Apply the Fiduciary Standard to Reduce the Number of Regulations, the Size of Government, and the Need for Wall Street Oversight

In the political climate of Washington, several members of the U.S. Congress have urged the U.S. Department of Labor and the U.S. Securities and Exchange Commission, both empowered by law to apply the fiduciary standard, to either slow down or stop their fiduciary rule-making efforts altogether. Often the reason expressed is concerns about the imposition of more government regulation, as well as reservations about the growth of the size of government. Yet, the contrary result is far more likely, as imposing bona fide fiduciary obligations will likely reduce both the number of government regulations and hold down the size of government. It will also foster the marketplace policing Wall Street, itself, thus substantially reducing the likelihood of the abuses which led to the financial crisis of 2008-9. Please permit me to explain.

One must initially understand the culture of true fiduciary advisors. Equipped with an agreement with their clients for reasonable, professional compensation, they utilize their expertise by “stepping into the shoes” of their clients. They act, at all times and without exception, as the representative of their client. They undertake this sacred obligation of trust zealously, with the due care of an expert, and acting with loyalty and utmost good faith at all times. Fiduciary advisors eschew opportunities for further compensation or other self-benefit, acting always to serve their client, and only their client. Fiduciary advisors possess an undivided loyalty to their clients at all times, and without exception.

Despite its overriding simplicity, many of those in Wall Street fail to understand the fiduciary standard of conduct.

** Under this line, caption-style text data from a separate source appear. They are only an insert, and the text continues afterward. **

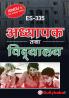 ES-335 अध्यापक तथा विद्यालय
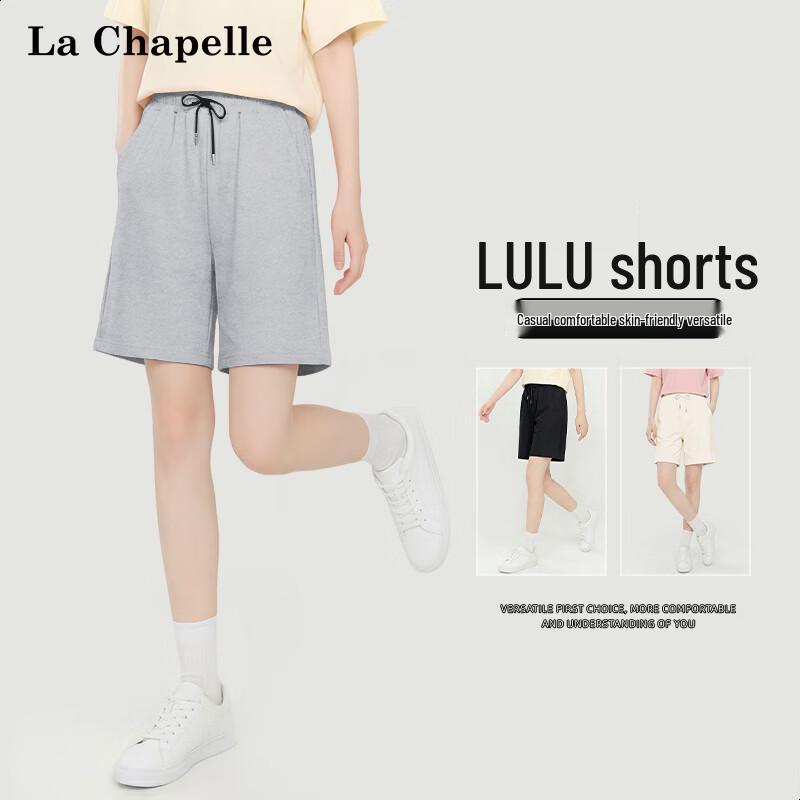 La Chapelle Women s Casual Cotton Shorts 3XL
La Chapelle Women s Casual Cotton Shorts 3XL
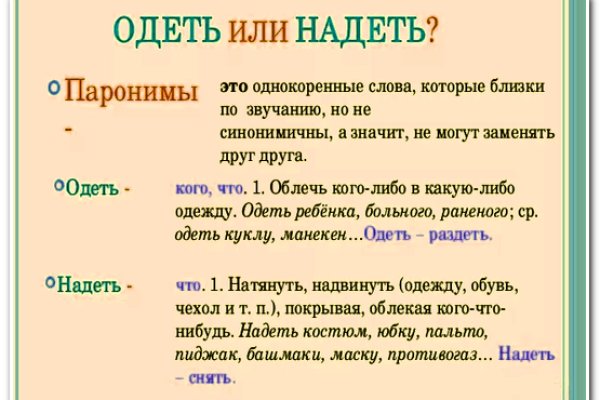 Ссылка на кракен тор kr2web in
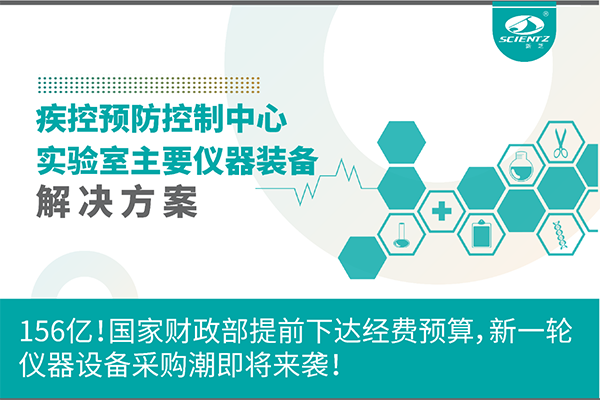 156億！國(guó)家財(cái)政部提前下達(dá)經(jīng)費(fèi)預(yù)算，新一輪儀器設(shè)備采購(gòu)潮即將來襲！
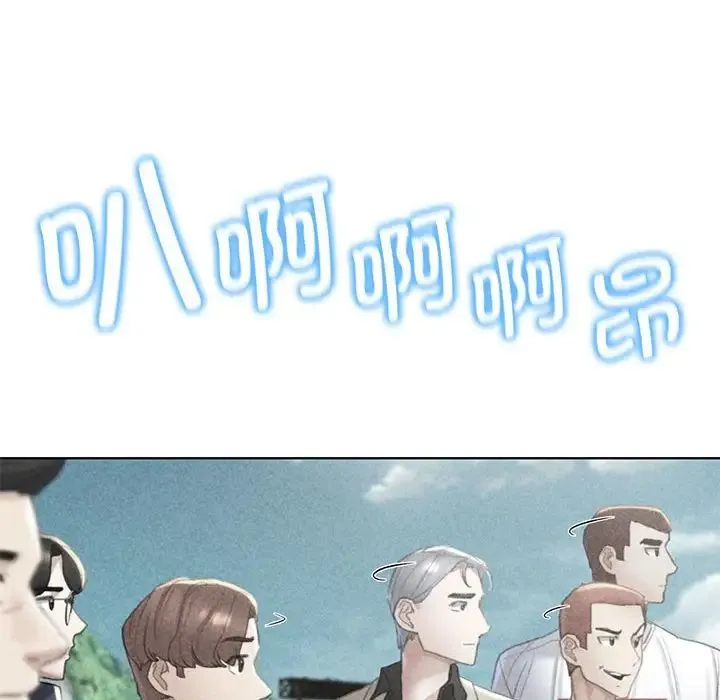 危险同学会 - 第9話 - page 9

In my many discussions with Wall Street executives, they approach the issue from the standpoint of whether disclosures of conflicts of interest must occur (knowing all well that disclosures are ineffective as a means of consumer protection). So engrained are they in a sales culture, in which you “eat what you kill,” they cannot conceptualize, in their own minds, the true nature of the fiduciary standard.

In fact, I have observed many a stockbroker (i.e., “broker” or “registered representative of a broker-dealer firm”) depart from that environment to join fee-only fiduciary investment advisory firms, only to be asked to leave several months later. Their mindset was incapable of change, and hence – not able to adhere to the strict ethics of a fiduciary advisor – they were asked to leave.

Perhaps these brokers who then became “failed fiduciaries” should have received a better explanation of the fiduciary standard. In dictum in the 1998 English (U.K.) case of Bristol and West Building Society v. Matthew, Lord Millet undertook what has been described as a “masterful survey” of the fiduciary principle: “A fiduciary is someone who has undertaken to act for and on behalf of another in a particular matter in circumstances which give rise to a relationship of trust and confidence.  The distinguishing obligation of a fiduciary is the obligation of loyalty.  The principle is entitled to the single-minded loyalty of his fiduciary.  This core liability has several facets.  A fiduciary must act in good faith; he must not place himself in a position where his duty and his interest may conflict; he may not act for his own benefit or the benefit of a third person without the informed consent of his principal.  This is not intended to be an exhaustive list, but it is sufficient to indicate the nature of the fiduciary obligations.  They are the defining characteristics of a fiduciary.”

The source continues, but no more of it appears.